Un autre reproche qui a été fait est le mélange entre documentaire et fiction dans le film…

J’avais envie de faire un objet cinématographique personnalisé, au-delà des étiquettes, même dans sa forme, le film est queer ! Quand on a commencé le film, j’ai dit aux filles que désormais tout était performance, pendant la tournée, la performance a envahi la vie et l’intimité s’est invitée sur scène, brouillant aussi les limites.
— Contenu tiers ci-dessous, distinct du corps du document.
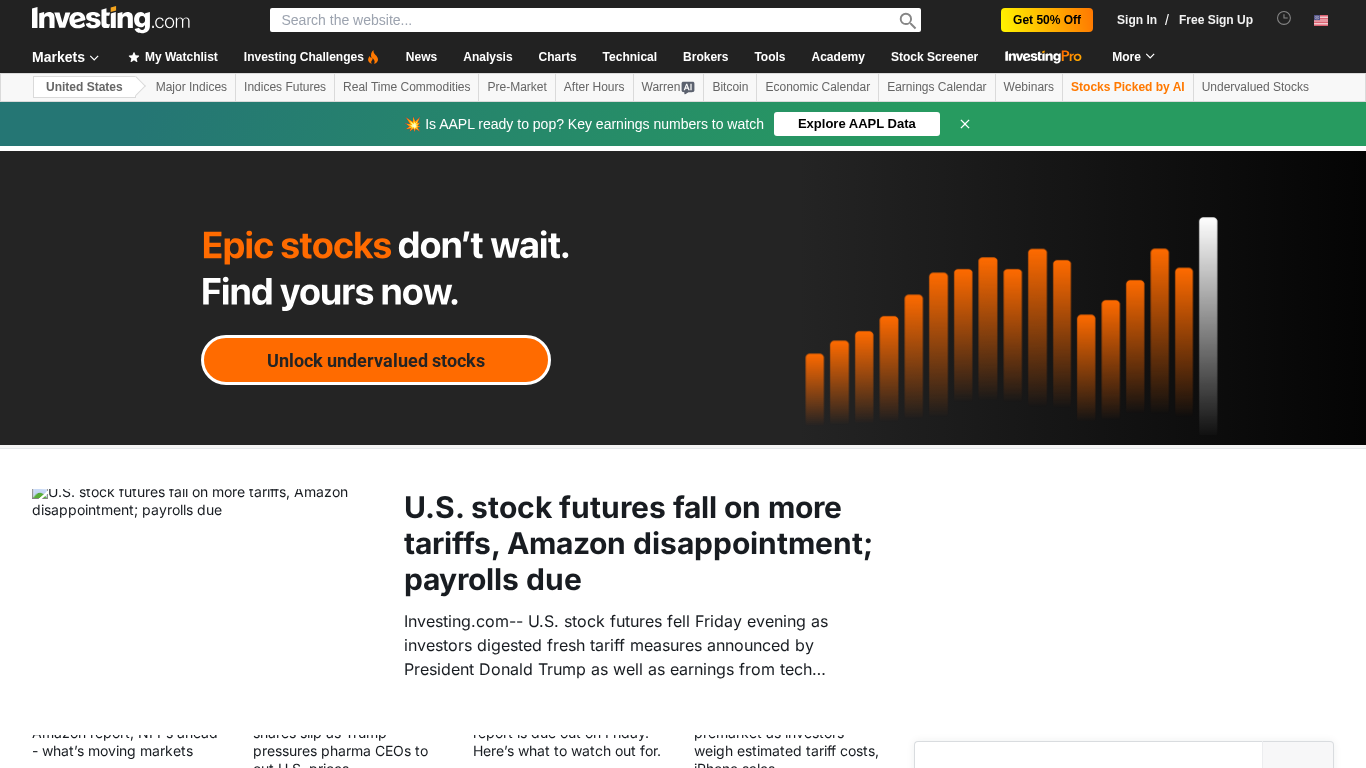 Programa de Afiliados de Investing.com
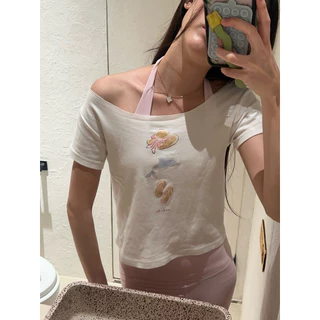 audorhe | Shelly babytee & off-shoulder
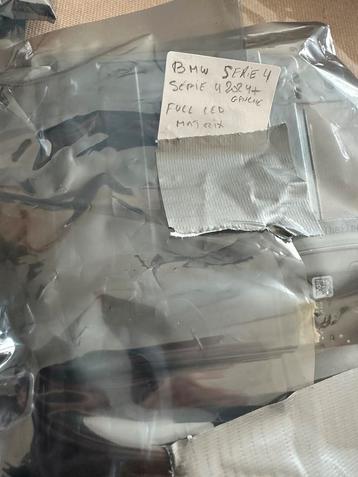3 Module phare bmw série 4 full led matrix 2024, Neuf, BMW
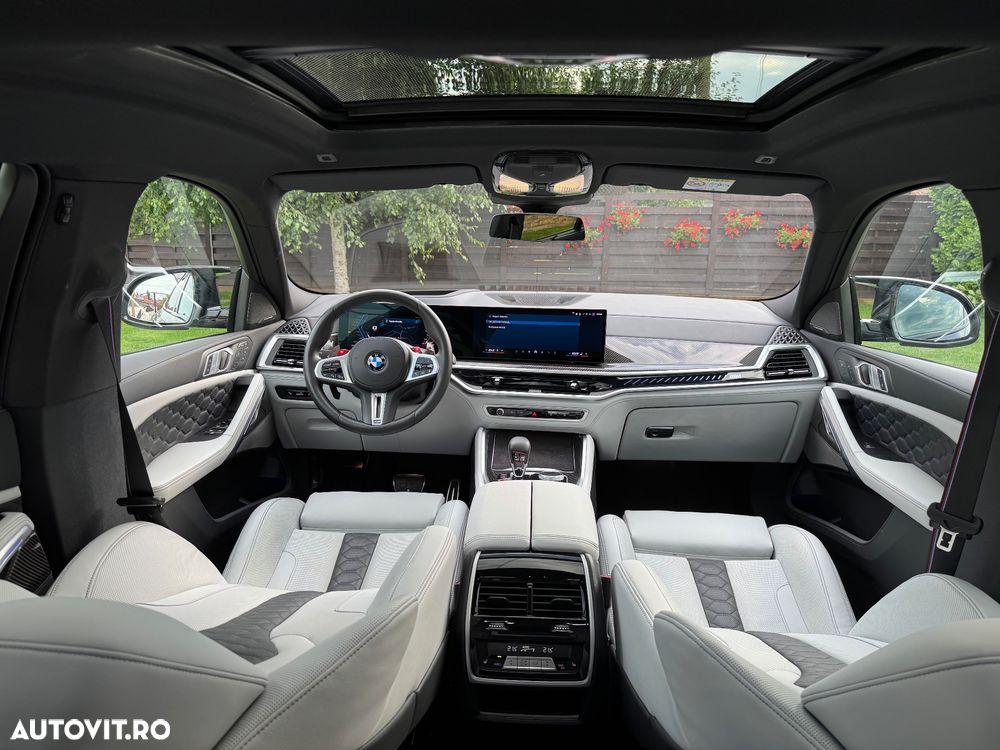 BMW X6 M Competition - 17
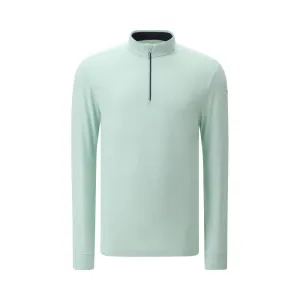 TAKEOFF | SUNBLOCK® MELANGE QUARTER ZIP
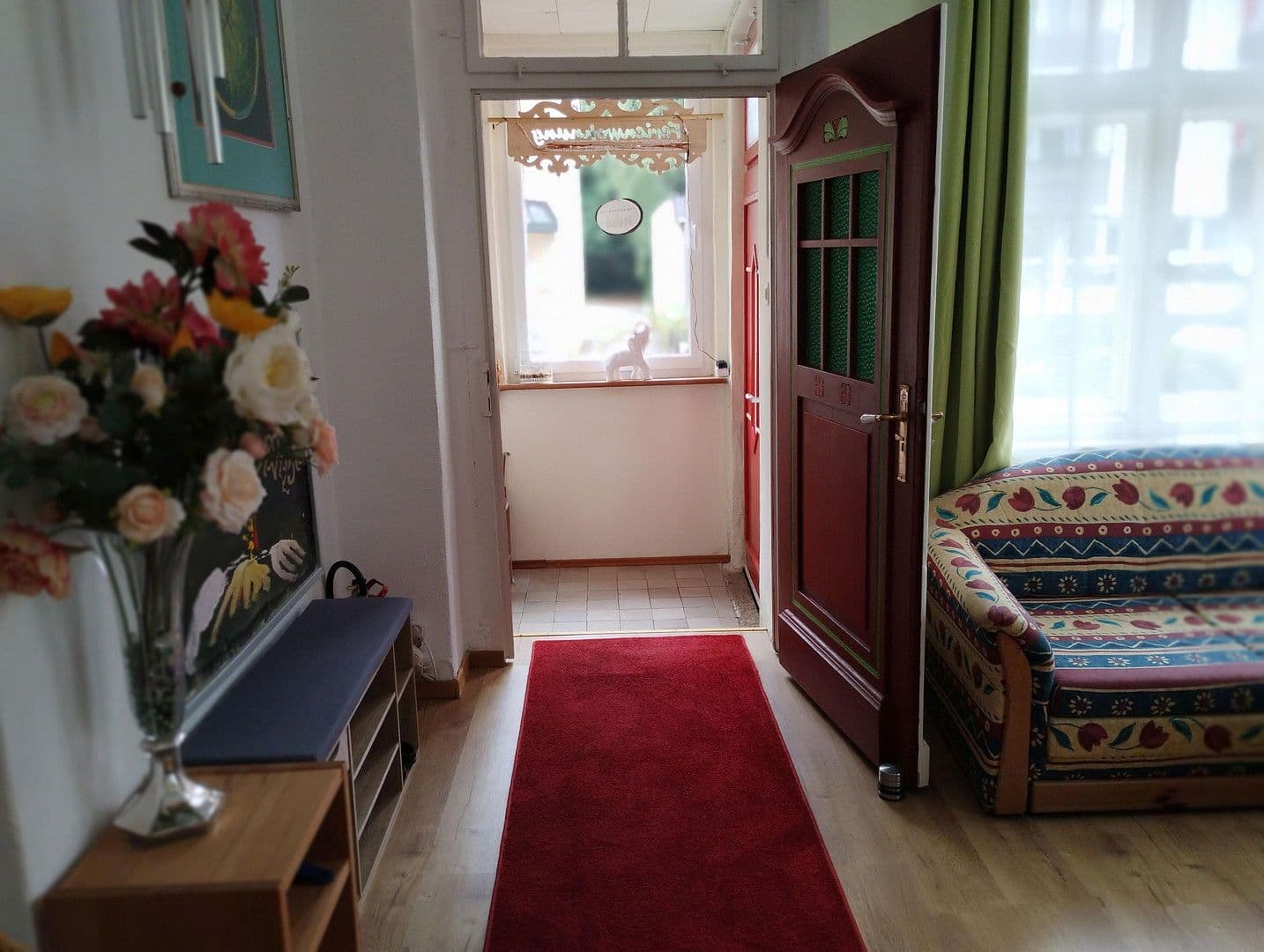 Pronájem bytu 3+1 75 m², Hemplastr. 5, Bad Steben, Bavorsko Pronájem bytu 3+1 75 m², Hemplastr. 5, Bad Steben, Bavorsko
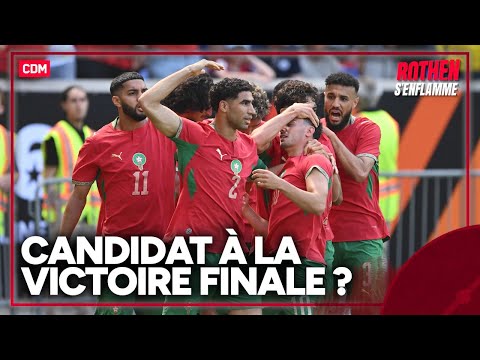 CDM 2026 : “Toutes les conditions sont réunies pour que le Maroc aille loin”, estime Larqué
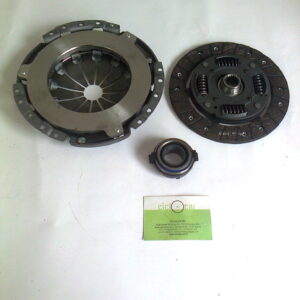 KIT DISCO PLATO' CUSCINETTO FRIZIONE COMPLETA PIAGGIO PORTER 1300 16V- - immagine 1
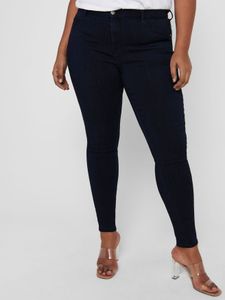ONLY CARMAKOMA Damen Skinny Jeans Übergröße Plus Size High Stretch Denim-52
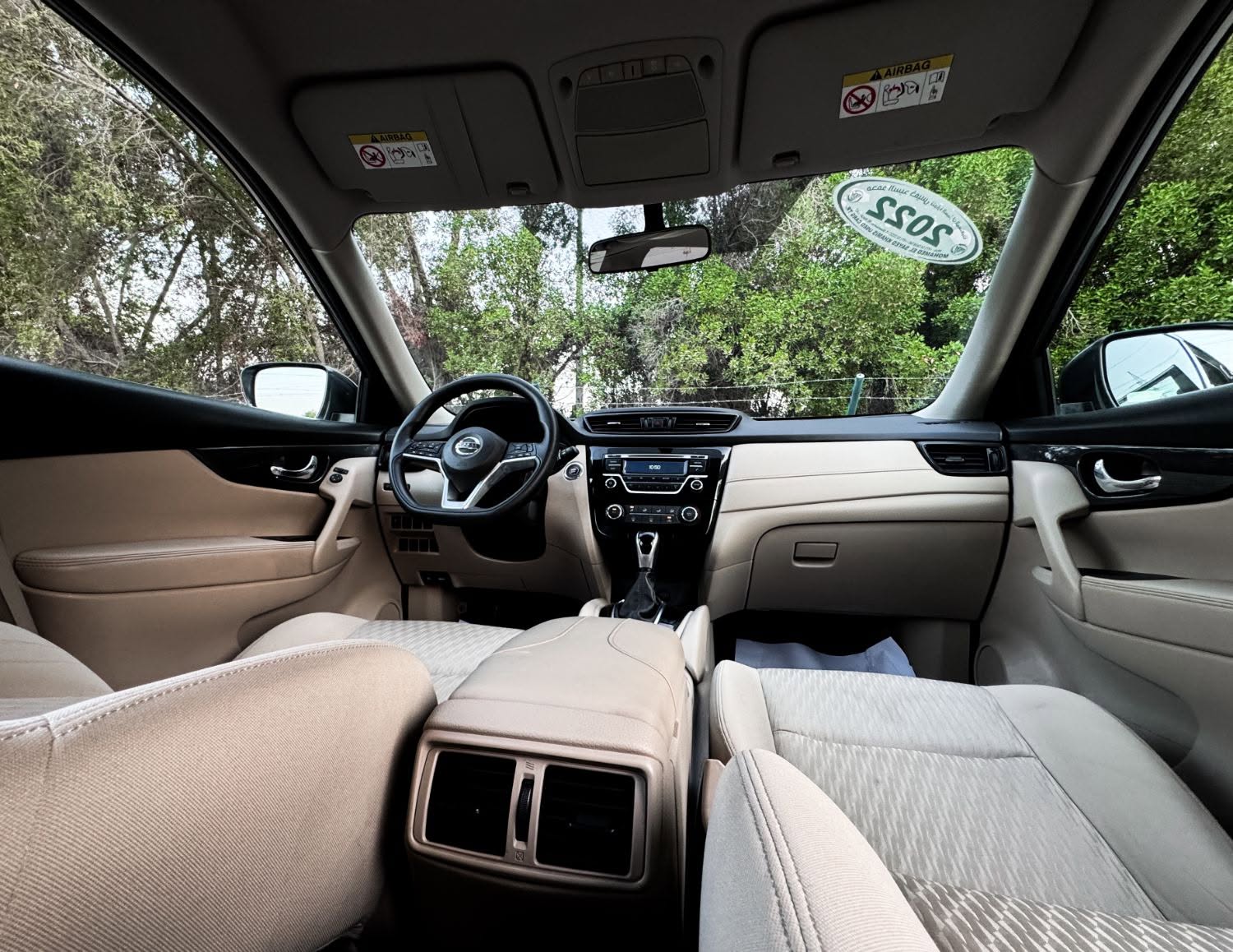 2022 Nissan X-Trail photo 4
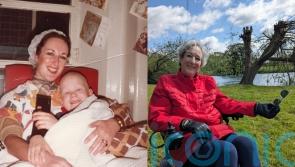 Mum facing terminal diagnosis after son died of cancer shares support for assisted dying and hopes to ‘cuddle him again’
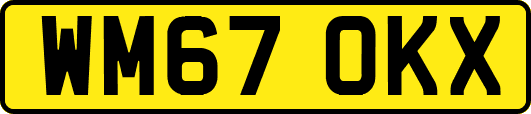 WM67OKX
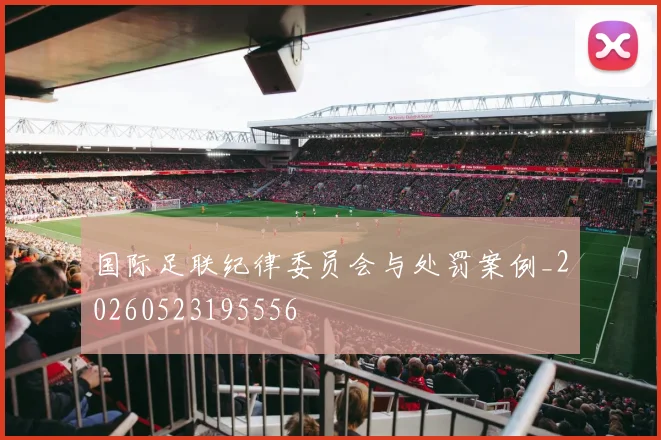 国际足联纪律委员会与处罚案例_20260523195556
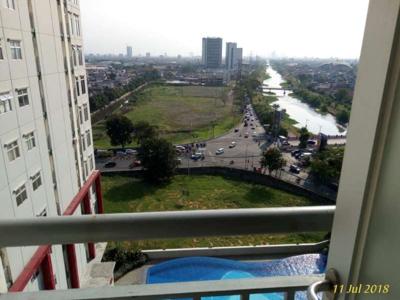 Apartemen Gunawangsa Merr tipe studio full furnish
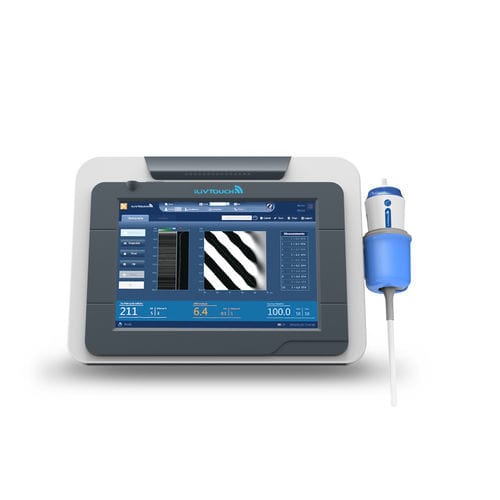 Sistema de elastografía por ultrasonido cirrosis hepática - Mini560 - Hisky Medical Technologies - fibrosis hepática / esteatosis hepática / portátil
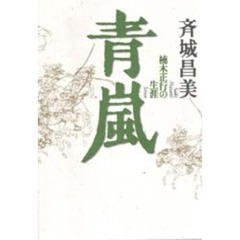 青嵐　楠木正行の生涯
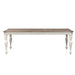 Magnolia Manor Opt 7 Piece Leg Table Set image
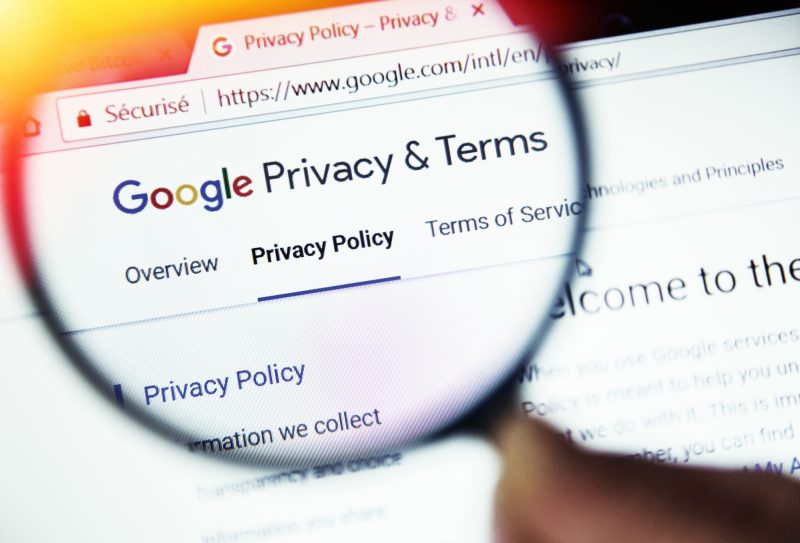 Braveブラウザがグーグルの個人情報ポリシーは規則違反であると申し立てる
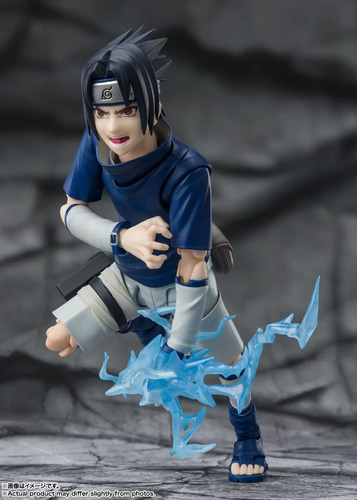 Shfiguarts Sasuke Uchiha Kid Nuevo
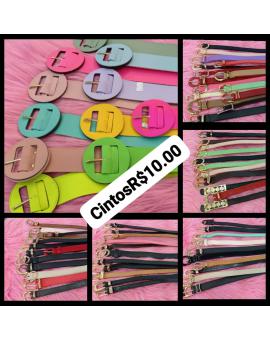 Cinto Feminino Barato no Atacado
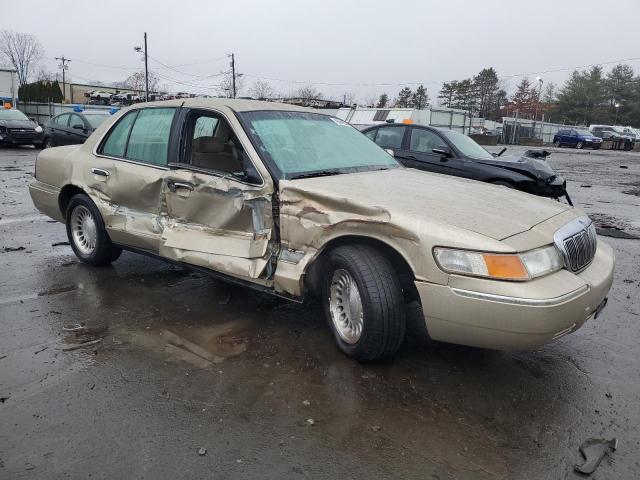 Photo 4 from auction – 2000 MERCURY GRAND MARQ with VIN 2MEFM75W2YX678331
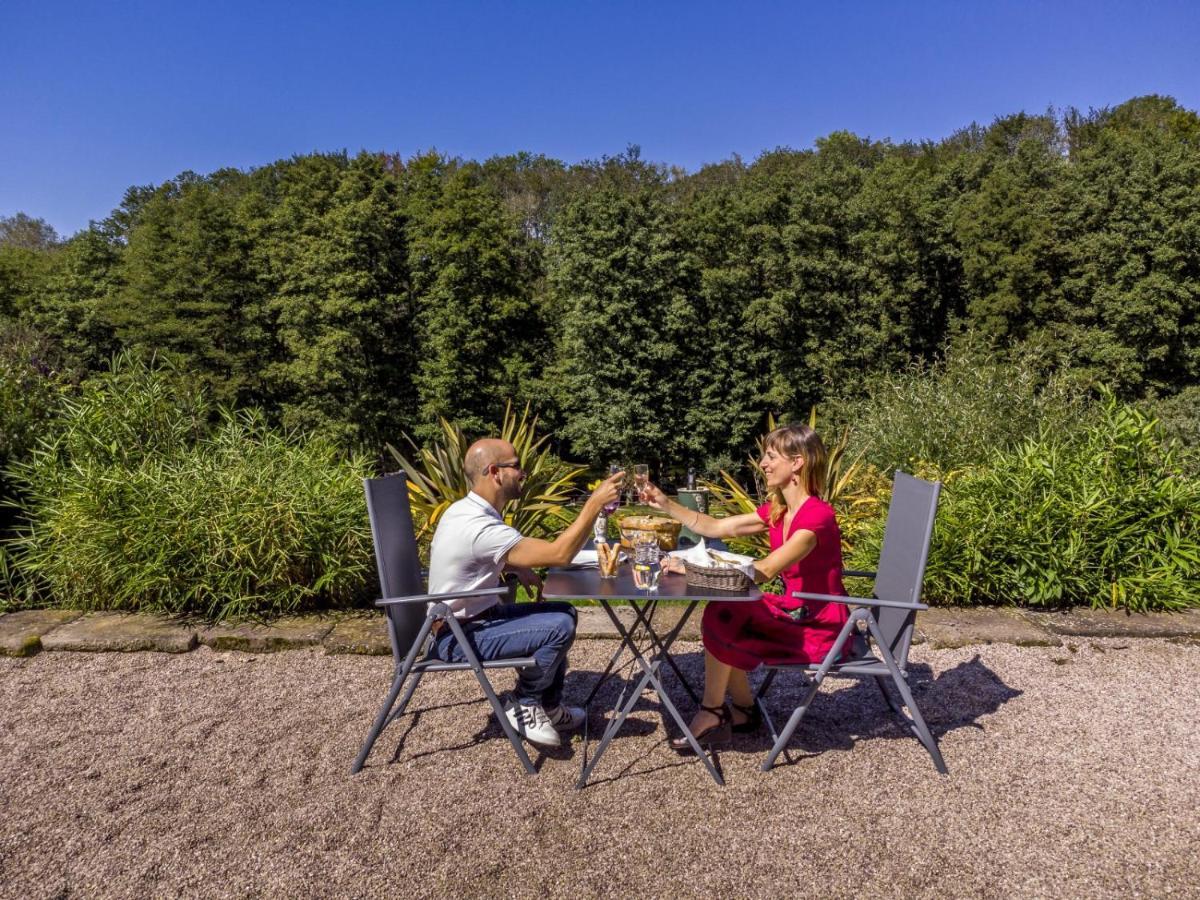 Chambres D'Hotes "La Landre" Le Clerjus エクステリア 写真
À plusieurs reprises, il y a des scènes de sexe plus ou moins explicites entre filles, filmées un peu différemment des autres. Qu’est-ce qu’elles apportent au film ?

L’idée est de représenter trois aspects de la sexualité, comme un prisme sur le même sujet : sa représentation (sur scène), son aspect politique (avec les discours sur la sexualité tenus principalement en dehors de la scène) et sa réalité (les filles ont vraiment eu des désirs, des envies et des relations sexuelles pendant la tournée).

Les filles | Photo Solaris Distribution

Est-ce qu’il y a un moment qui vous a plus émue ou marquée pendant que vous tourniez ?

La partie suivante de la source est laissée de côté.